I hadn’t been down to the site in more than five years and when I surfaced I had to hold back tears. Yet people are working here every day, debarking trains, strolling the streets, going to work, leaving work, I told myself. I was dazed and didn’t know where I was, could not orient south or north, east or west. Instead of the Towers and then the amputated site, there were glass fronted scrapers of various sizes all around, new and sparkling in the summer sun. “We are among our monuments here, such close quarters, and what gets wrecked falls at our feet,” I wrote in an email a week after the attack. And now new monuments are rising and closing in on Lower Manhattan where the Dutch first settled in the 17th century. The cobbled streets are sometimes still visible.

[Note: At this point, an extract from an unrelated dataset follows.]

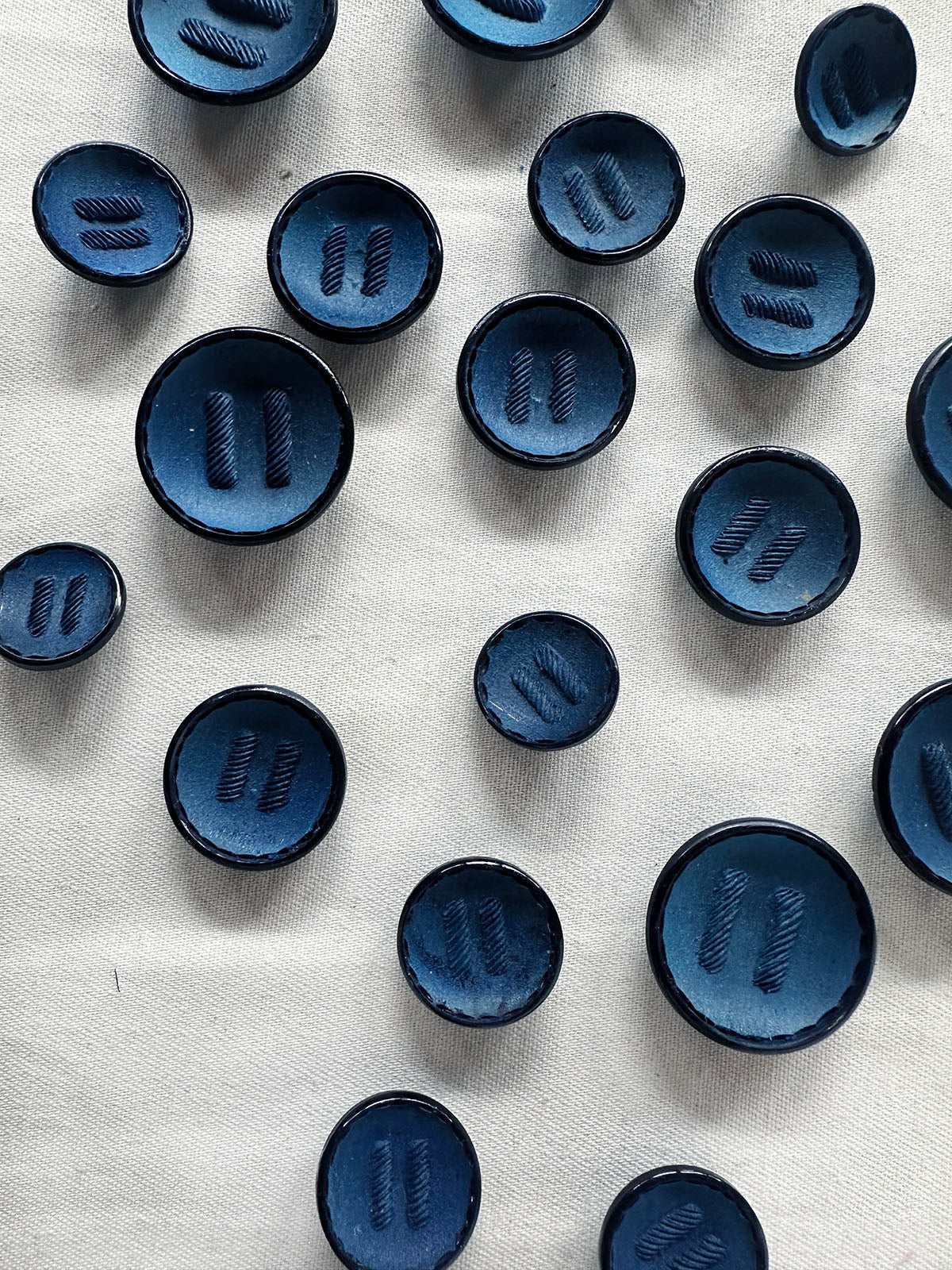 Vintage Italian Buttons Blue Rope - L'Etoffe Fabrics LLC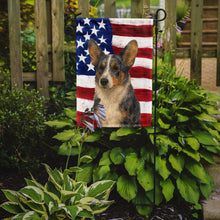 Load image into Gallery viewer, Blue Merle Cardigan Welsh Corgi American Flag Garden Flag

I could not find Liberty Street or One Liberty Plaza so I asked a policeman and he did not know where it was either. But a woman overheard my question and walked me to the building, asked where I was going, what I was doing. When I told her, a story spilled. Yes, she was there on the day. She watched the bodies fall, was covered with ash, and escaped. “How is it coming down here every day all these years?”

“There’s a new Century 21. My friends and I have lunchtime gatherings.”

“Do you go down to the Memorial?

“We work in the Memorial. We are the Memorial." she said.

I had a meeting with an Assistant Curator of Collections, Alexandra Drakakis, who has been working on the 9/11 collection for five years. She asked if I knew anyone with oral memories who could contribute to the oral history archive and/or any writers who have kept emails and journals. Writers, photographers and artists are important witnesses to events; we document these events in our journals and our work.

The Memorial and Museum are a work-in-progress. Sadly, a financial dispute between the 9/11 Foundation and the Port Authority continues. The families are very upset, as they should be. They lost their loved ones in a Great Atrocity, are gathering memorabilia for the Museum, and deserve some closure.